If you used "modifiable", it would be less clear. For example, if your string is a heap allocated type, when you say you are modifying the "string", it's not clear whether you're changing the data on the heap (the string's contents) or the string's heap pointer.
However, "mutable" suggests that the string's actual data is changing, to me. I think it's due to it being the same root as to mutate. If something is mutating, it's not changing from looking at A to looking at B (ie: changing a pointer), but rather mutating itself, or becoming (iteratively) something it was not originally.
A mutable object is an object that can be modified after it has been created. So in a way, it is synonymous with "modifiable." The word "mutable" means "liable or subject to change or alteration." I think it sounds better than "modifiable."
mutable
"liable or subject to change or alteration."
modifiable
"to change somewhat the form or qualities of; alter partially;"
conversely
immutable
"not mutable; unchangeable; changeless"
unmodifiable
"incapable of being modified in form or character or strength"
In programming you more often hear the terms mutable and immutable than you do modifiable and unmodifiable. However I think it is safe to say that either way has the same meaning.
But when in Rome... so you should use mutable and immutable as they are the more commonly used terms (at least in my experience).
As to why that choice? I asked my mother in law (she is up on words :-) and from a non-programming point of view "mutable" is shorter then "modifiable"... seems likely enough of a reason to me.
Yes, mutable is the term for an object that is capable of being changed after it is created, whereas immutable refers to an object that cannot change. Mutable literally means "ability to mutate" which I think fits perfectly with how mutable objects behave.
Specifically in relation to strings, in a mutable string, if you change the first character from 'A' to 'B', you're still dealing with the same bytes in memory; one of them has just taken a different value. With immutable strings, i.e. in Java, a new object would be created at a new location in memory, because the original one cannot be changed.

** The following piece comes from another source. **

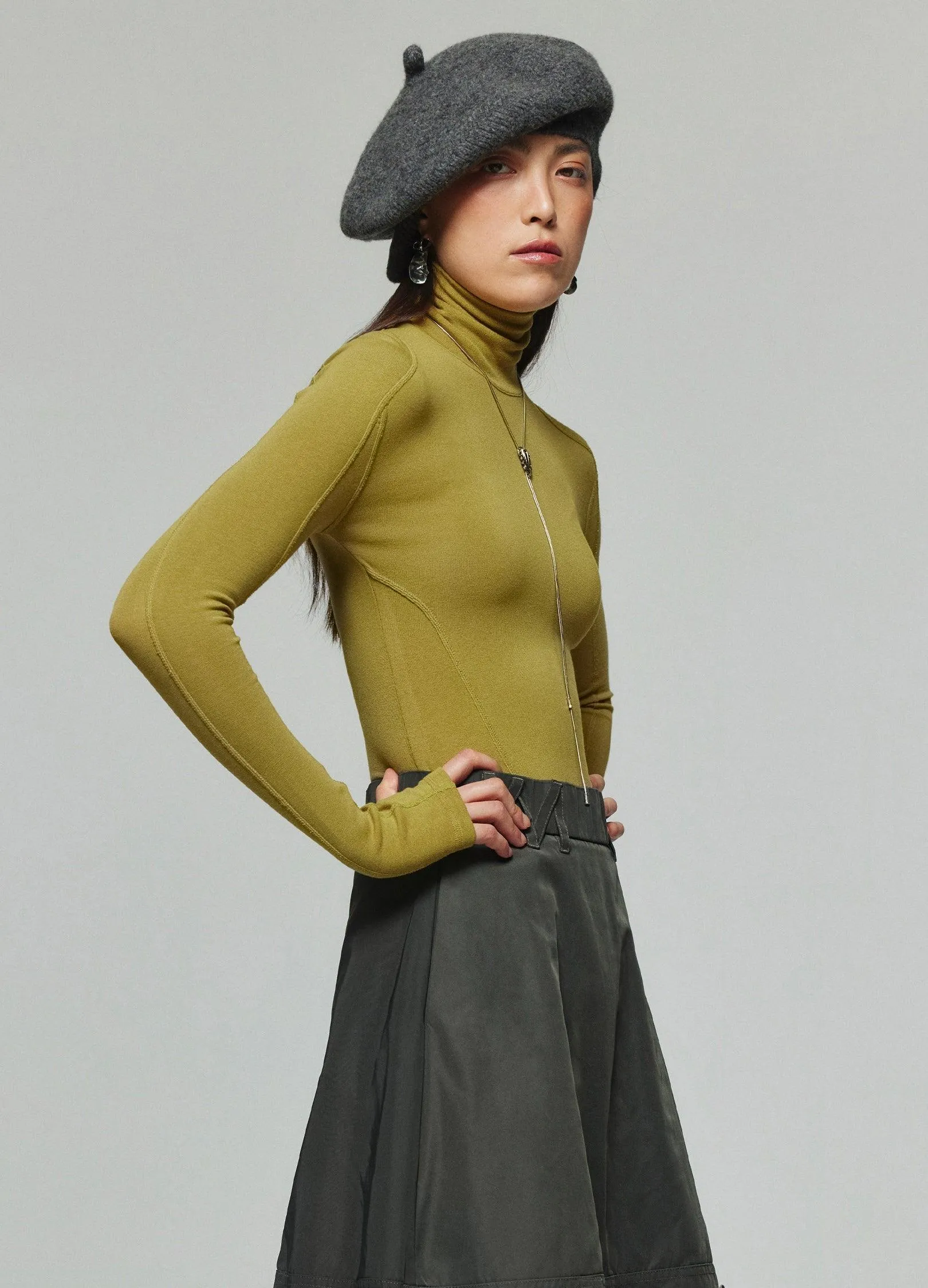 Chic Wool Blend Zig Zag Knit Beret With Long Straps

Mutable is a decent word to describe that, and it has the advantage of not being loaded with real-world meanings or interpretations that would make it difficult to use precisely.

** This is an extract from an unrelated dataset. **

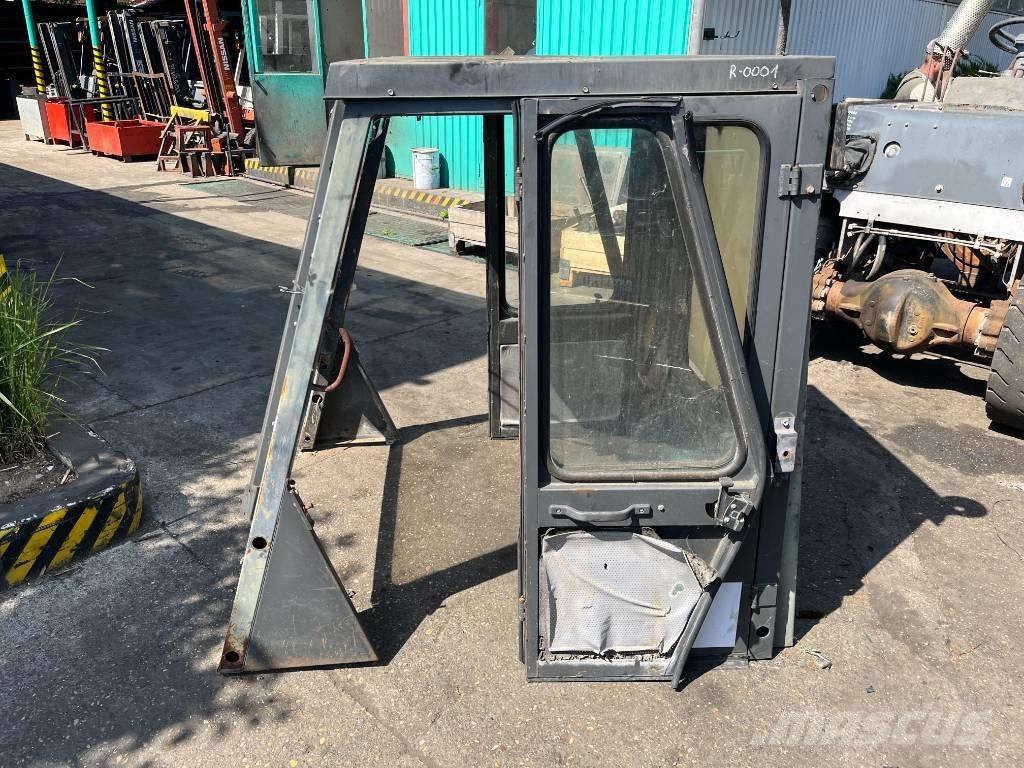 Nissan CABIN W-1038 Кабины и интерьер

And since you didn't point out the specific context you're speaking of (and so please forgive me if this is scope creep)...
Strings in .NET specifically are immutable, not mutable. Once they're created, that's it. They never change. If change attempts are made, new strings are created and the old ones get released for garbage collection.
Here is a pretty simple explanation of mutable/immutable using java as an example:
Mutable
can be changed without reallocating memory
a StringBuffer api documentation is a mutable version the standard string class
to change the standard value of the String class you need to reallocate memory
I have never really heard of using the term modifiable.